We were told that the war with Iraq was necessary for two reasons. Saddam Hussein possessed biological and chemical weapons and might one day use them against another nation. And the Iraqi people needed to be liberated from his oppressive regime, which had, among its other crimes, used chemical weapons to kill them. Tony Blair, Colin Powell, William Shawcross, David Aaronovitch, Nick Cohen, Ann Clwyd and many others referred, in making their case, to Saddam's gassing of the Kurds in Halabja in 1988. They accused those who opposed the war of caring nothing for the welfare of the Iraqis.

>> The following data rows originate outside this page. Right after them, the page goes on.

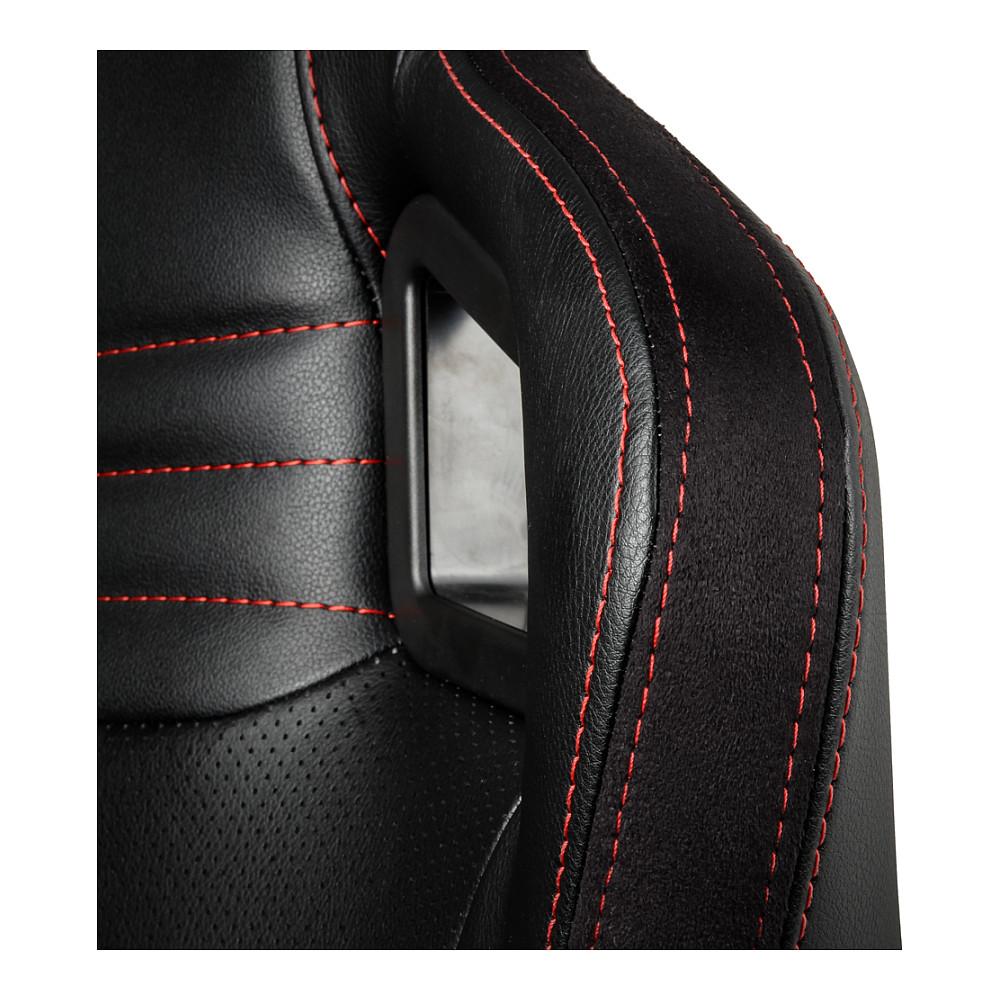 Karrige Gaming noblechairs EPIC / 4D Armrests / 90–135° / 48–58 cm / 120kg – Zezë/Kuqe - 11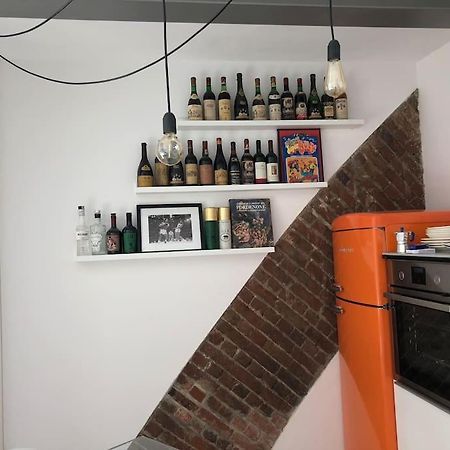 Loft Teatro Politeama - Intero Appartamento In Centro Storico Con Vista Cremona Exteriör bild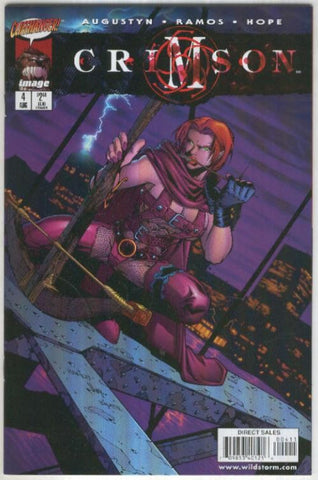 CRIMSON Vol.1 No.4: The Children of Judas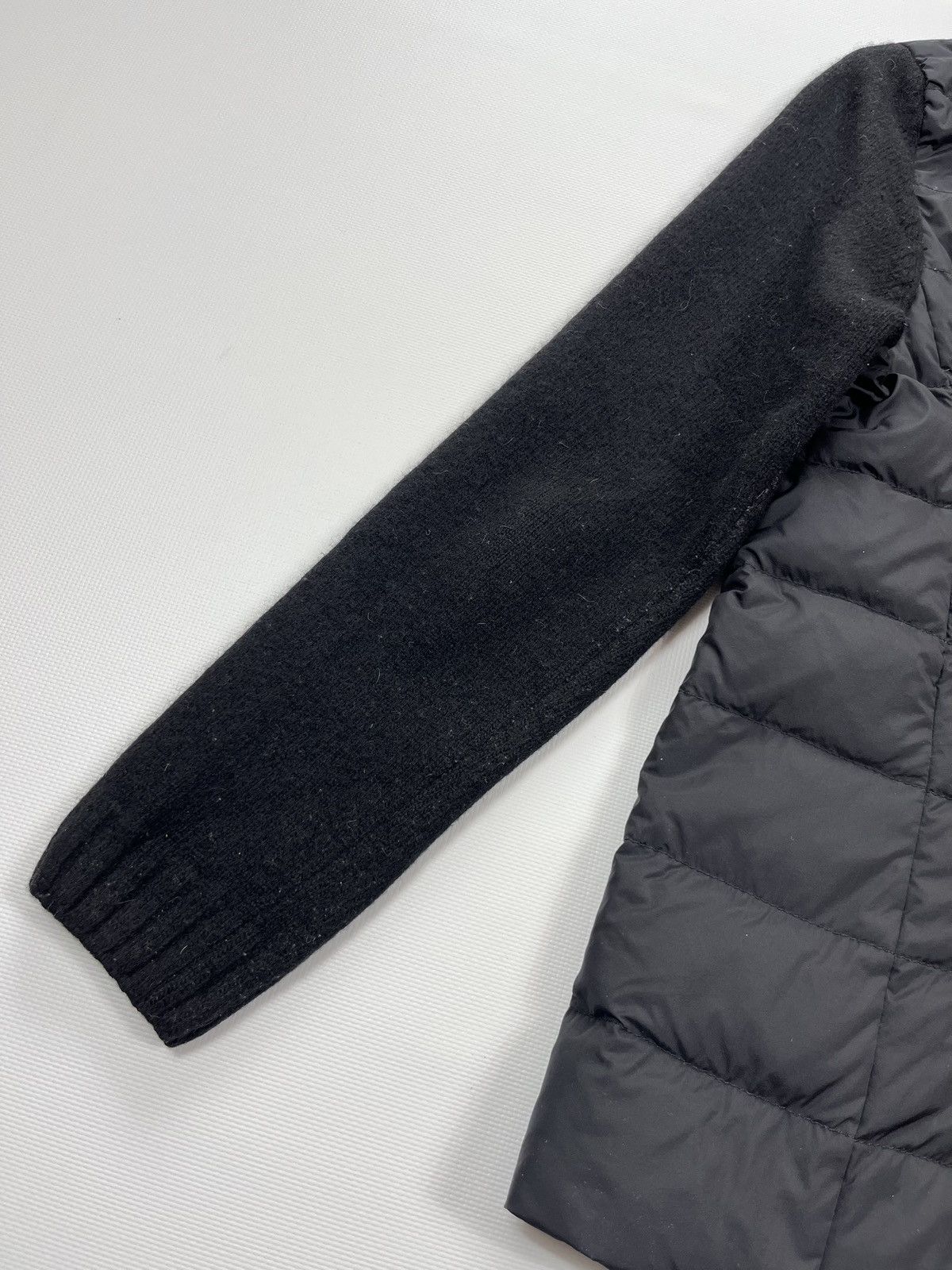 Bogner Bogner Lightweight Down Jacket With Wool Sleeves EU 40 US 10 Size M / US 6-8 / IT 42-44 - 14 Thumbnail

Given that they care so much, why has none of these hawks spoken out against the use of unconventional weapons by coalition forces? Ann Clwyd, the Labour MP who turned from peace campaigner to chief apologist for an illegal war, is, as far as I can discover, the only one of these armchair warriors to engage with the issue. In May this year, she wrote to the Guardian to assure us that reports that a "modern form of napalm" has been used by US forces "are completely without foundation. Coalition forces have not used napalm - either during operations in Falluja, or at any other time". How did she know? The foreign office minister told her. Before the invasion, Clwyd traveled through Iraq to investigate Saddam's crimes against his people. She told the Commons that what she found moved her to tears. After the invasion, she took the minister's word at face value, when a 30-second search on the internet could have told her it was bunkum. It makes you wonder whether she really gave a damn about the people for whom she claimed to be campaigning.

Saddam, facing a possible death sentence, is accused of mass murder, torture, false imprisonment and the use of chemical weapons. He is certainly guilty on all counts. So, it now seems, are those who overthrew him.

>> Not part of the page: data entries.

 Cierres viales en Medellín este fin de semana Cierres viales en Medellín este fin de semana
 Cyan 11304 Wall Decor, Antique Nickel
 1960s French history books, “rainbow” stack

And just now (Tuesday evening, EST) in the Guardian, the most direct admission yet by a Pentagon spokesman, Lt. Col. Barry Venable, who told the BBC:
Yes, it was used as an incendiary weapon against enemy combatants. When you have enemy forces that are in covered positions that your high explosive artillery rounds are not having an impact on, and you wish to get them out of those positions, one technique is to fire a white phosphorus round into the position: the combined effects of the fire and smoke - and in some case the terror brought about by the explosion on the ground - will drive them out of the holes so you can kill them with high explosives.
Ah, that word, terror. A tricky one, innit?